** Task item **
Where the line containing "bitbankからbitFlyerへ仮想通貨を送金する方法" appears, begin retyping; continue exactly through the final line of the data. Omit every picture.

++++ Dataset extract

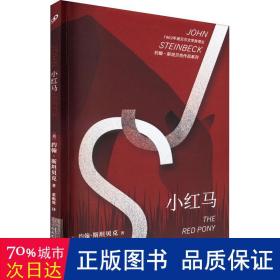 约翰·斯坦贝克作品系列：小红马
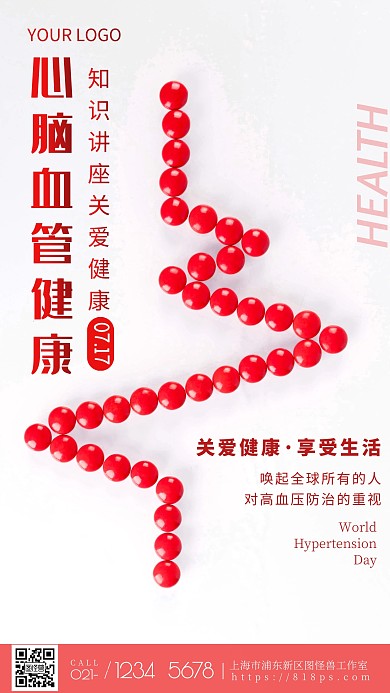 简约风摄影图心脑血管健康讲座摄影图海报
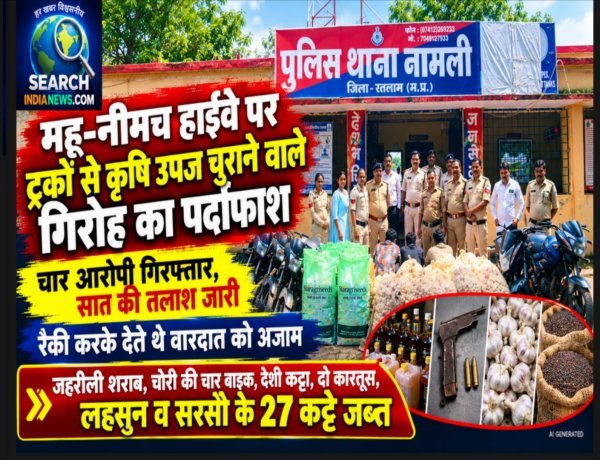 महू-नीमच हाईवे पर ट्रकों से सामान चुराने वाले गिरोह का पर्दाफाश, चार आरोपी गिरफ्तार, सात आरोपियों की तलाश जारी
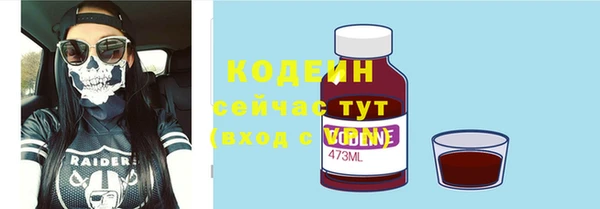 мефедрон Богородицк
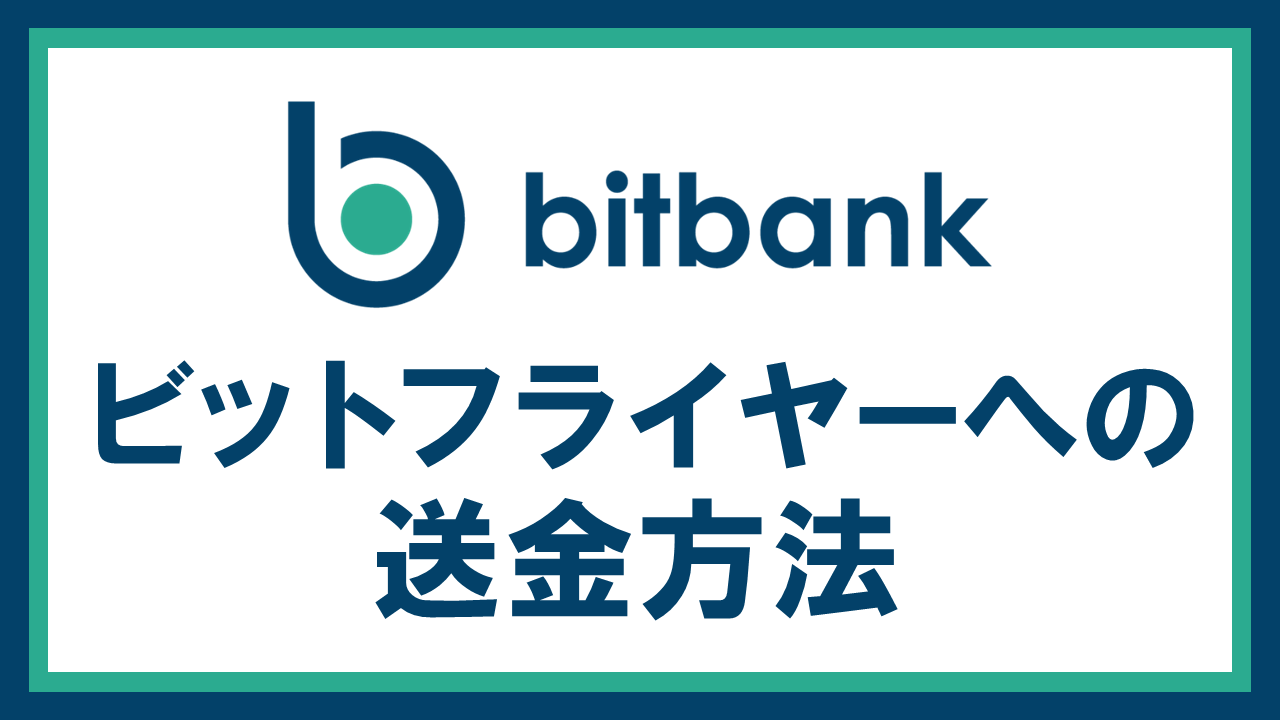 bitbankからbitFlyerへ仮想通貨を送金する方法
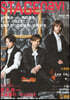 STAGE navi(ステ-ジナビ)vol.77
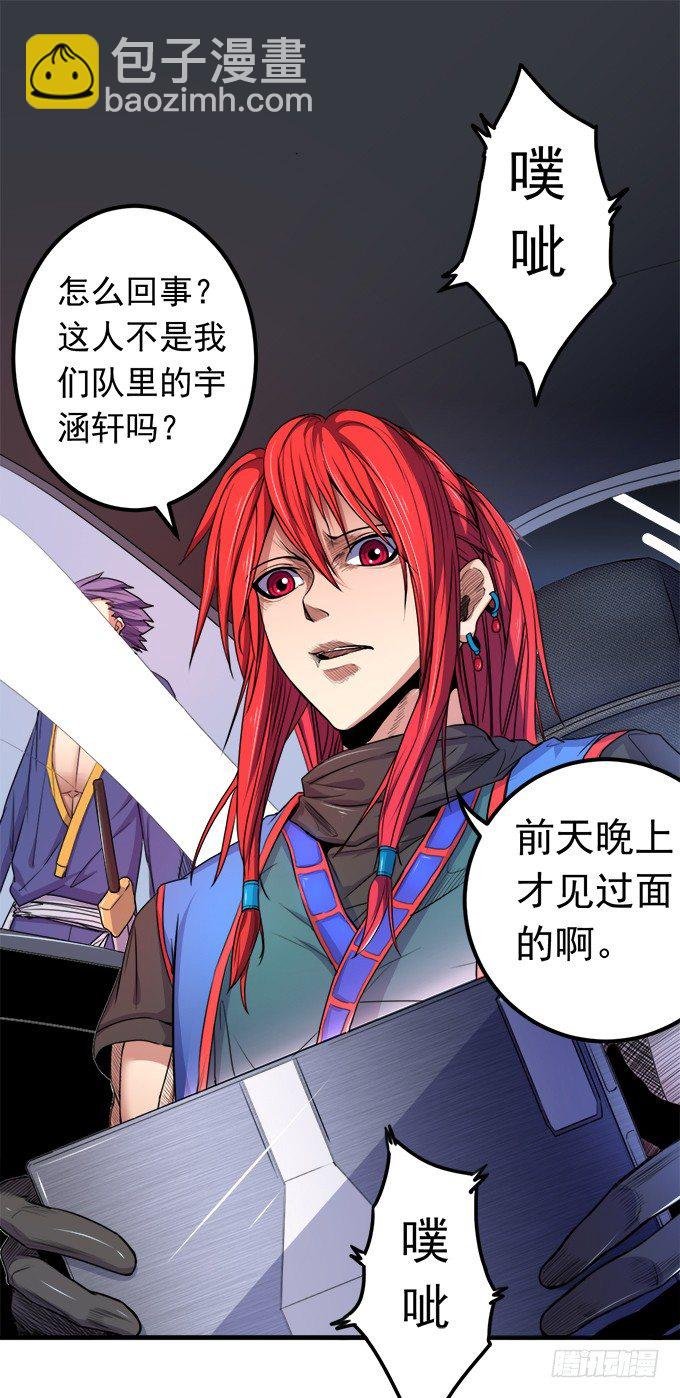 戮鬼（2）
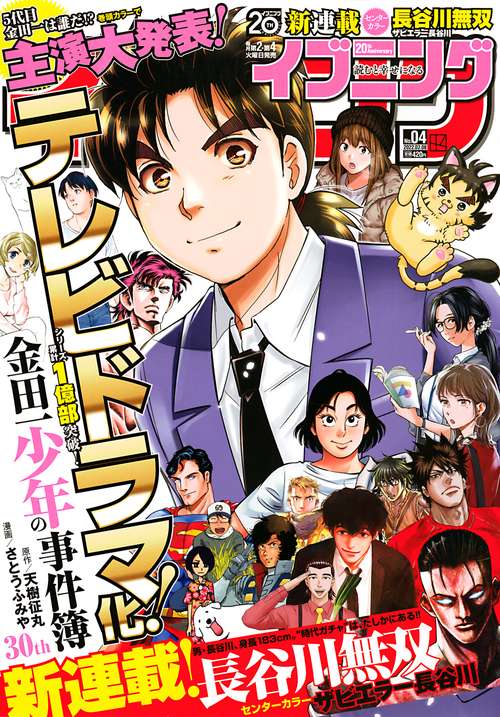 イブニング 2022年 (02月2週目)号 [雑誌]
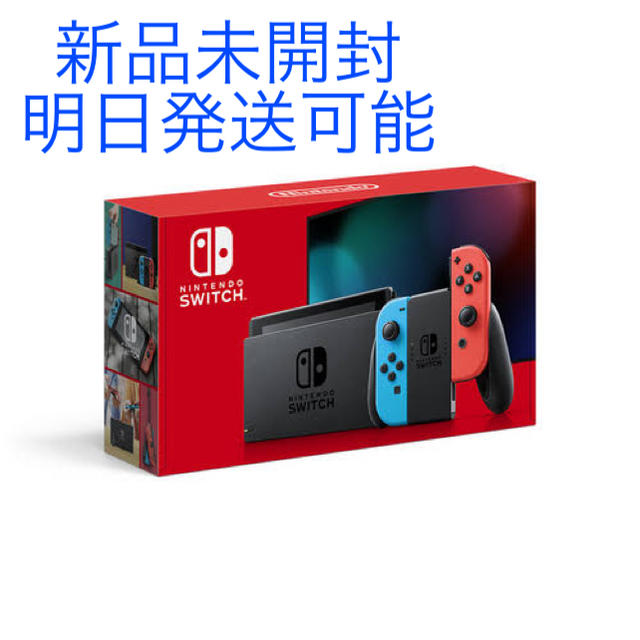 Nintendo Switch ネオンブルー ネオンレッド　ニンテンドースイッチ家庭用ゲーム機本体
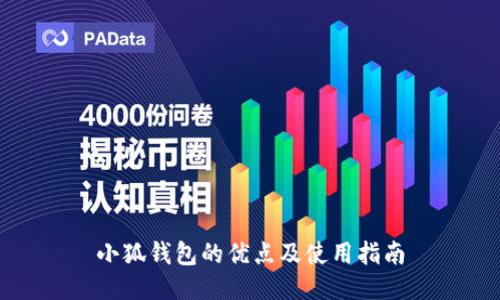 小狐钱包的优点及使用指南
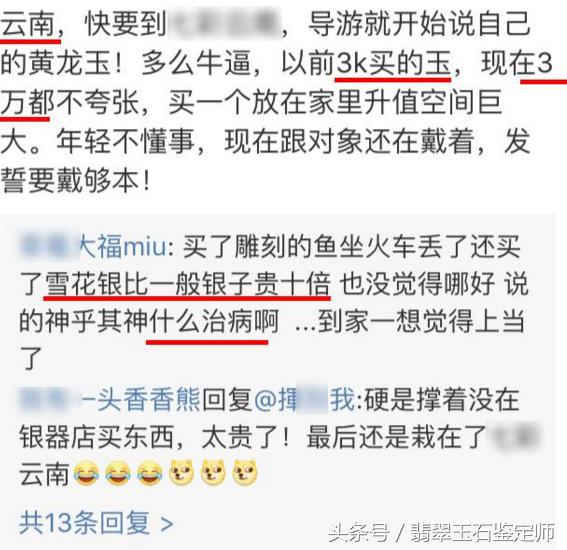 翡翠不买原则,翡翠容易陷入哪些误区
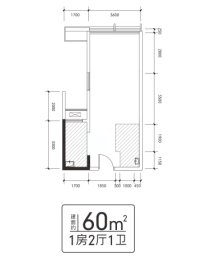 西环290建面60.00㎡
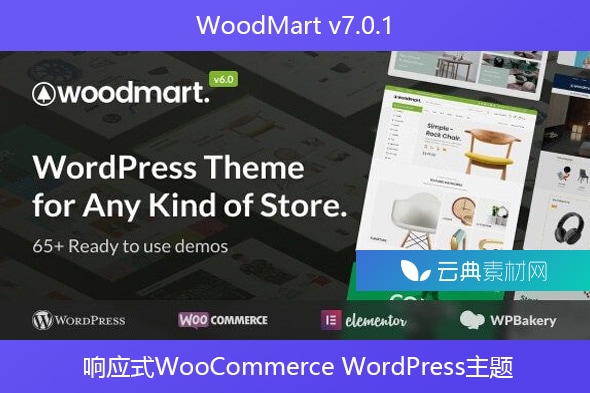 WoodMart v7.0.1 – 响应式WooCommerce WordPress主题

++++++++

** Reply **
 bitbankからbitFlyerへ仮想通貨を送金する方法
 STAGE navi(ステ-ジナビ)vol.77
 戮鬼（2）
 イブニング 2022年 (02月2週目)号 [雑誌]
 Nintendo Switch ネオンブルー ネオンレッド　ニンテンドースイッチ家庭用ゲーム機本体
 小狐钱包的优点及使用指南
 翡翠不买原则,翡翠容易陷入哪些误区
 西环290建面60.00㎡
 WoodMart v7.0.1 – 响应式WooCommerce WordPress主题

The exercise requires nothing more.